Design by Evan Gaffney / Photograph by Viviane Sassen

Y_our story in this week’s issue, “The Start of the Affair,” is about a retired professor of politics in South Africa who is now a restaurant owner. When did the character of James McPherson first come to you?_

The story came to me between the time I completed my latest novel, “Hiding in Plain Sight,” and when I submitted it. More or less out of the blue, you might say. Nor did it take a long time to write. What is more, the story wrote itself from the moment I thought of James McPherson as a character and of him having met a young, very good-looking pre-teen Somali in the past.

James notices a young Somali man who appears to be collecting leftovers from the restaurant’s kitchen. He’s drawn to the man, Ahmed, and finds a way to befriend him. Did you always know the story would follow the trajectory it takes, and that James and Ahmed’s relationship would become ever closer?

I felt that both James and Ahmed were "unfulfilled" personages waiting to meet their other half. And so it made sense to bring them together as a matchmaker might. I sensed that once they met and got to know each other better they would become closer; not necessarily in the manner the relationship pans out in this story.

There’s a clear difference in power and status between the two men—James is well-to-do and established, while Ahmed is a refugee hoping to be granted permission to stay in South Africa.
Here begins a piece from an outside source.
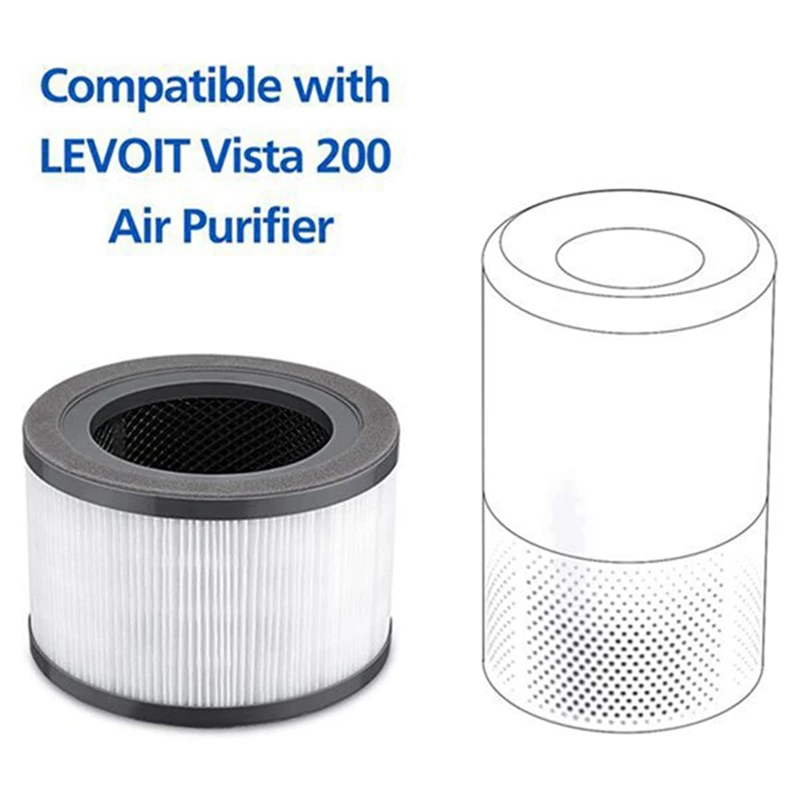 2 Pcs Air Purifier Replacement Filter For Levoit Vista 200 Air Purifier,3 In 1 Efficiency Activated Carbon HEPA Filter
Yet he’s also the son of a powerful man in Somalia. How much agency do you think Ahmed has in his relationship with James?
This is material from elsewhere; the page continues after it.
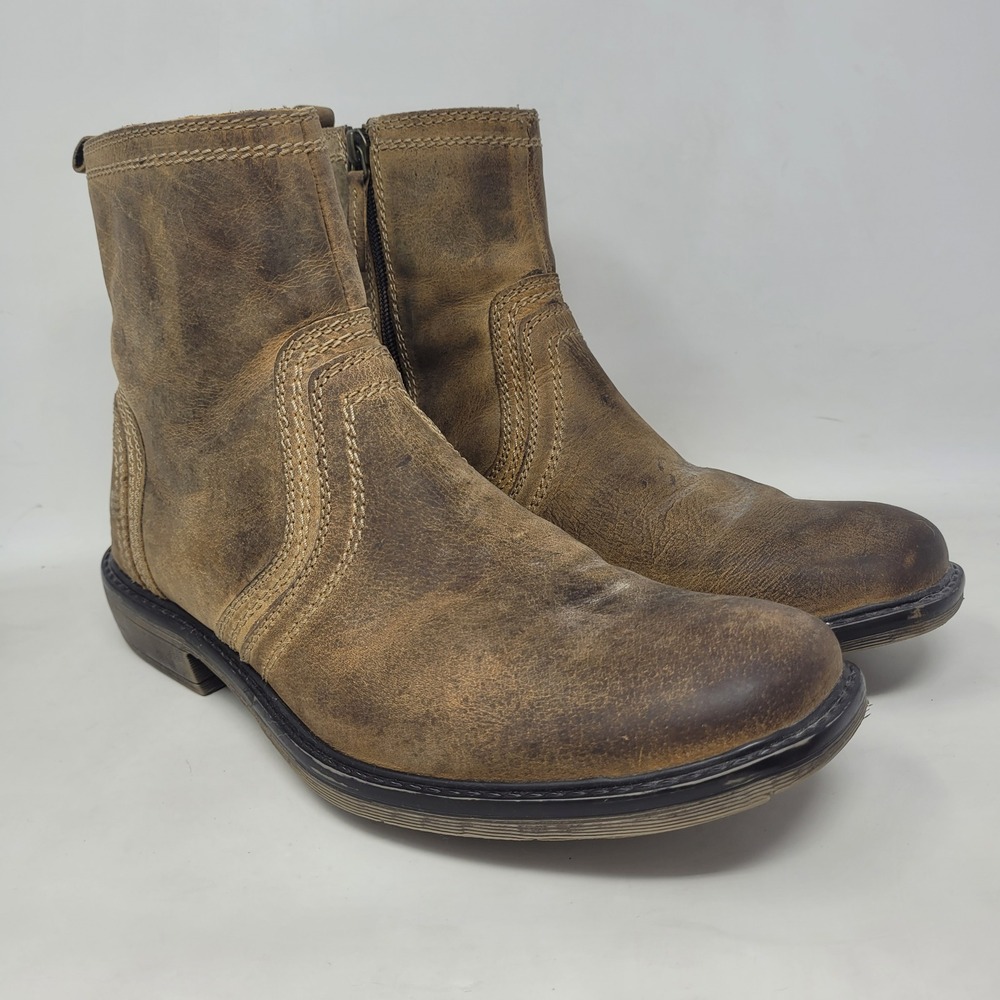 Roan by Bed Stu Boots 10 Brown Leather Crestone Distressed Zip Ankle Square Toe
Ahmed has little or no agency in his encounter and eventual relationship with James. And that was obvious to me from the instant James sees him coming out of the kitchen of the restaurant with a doggie bag.

Do you think it’s possible to consider this a love story?
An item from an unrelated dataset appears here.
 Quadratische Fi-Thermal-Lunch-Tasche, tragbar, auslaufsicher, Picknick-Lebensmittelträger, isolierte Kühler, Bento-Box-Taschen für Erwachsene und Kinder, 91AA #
There is the potential for a loving relationship to grow once Ahmed is no longer in denial.

Much of your fiction has been set in Somalia, the country of your birth, from which you were forced into exile in the nineteen-seventies and were not able to return to until 1996. In your recent novel “Hiding in Plain Sight,” set largely in Nairobi, and in this story, you’re exploring different territory. Was that a deliberate decision?

It has been a deliberate decision for me to set novels and stories out of my country, evidence, perhaps, that I do not think Somalia is headed in the right direction, in terms of its current politics. Also, I feared that I would be repeating myself if kept setting my fiction in Somalia—same old story and no progress in narrative, etc.

You divide your time between South Africa and New York, where you’re teaching at Bard, and you also travel frequently to Somalia these days. Do you feel equally at home in each place, or does each one draw out a different part of your character? Are you ready to set any fiction at an upstate liberal-arts college?

It is one thing to feel at home in a place; it is altogether another matter to set one's fiction there. After all, there are stages of feeling at home in a place. Anyhow, I doubt I will set my fiction in upstate New York in the near future. My attitude towards setting my fiction anywhere in Africa is entirely different, because it is as if the continent is mine to write about.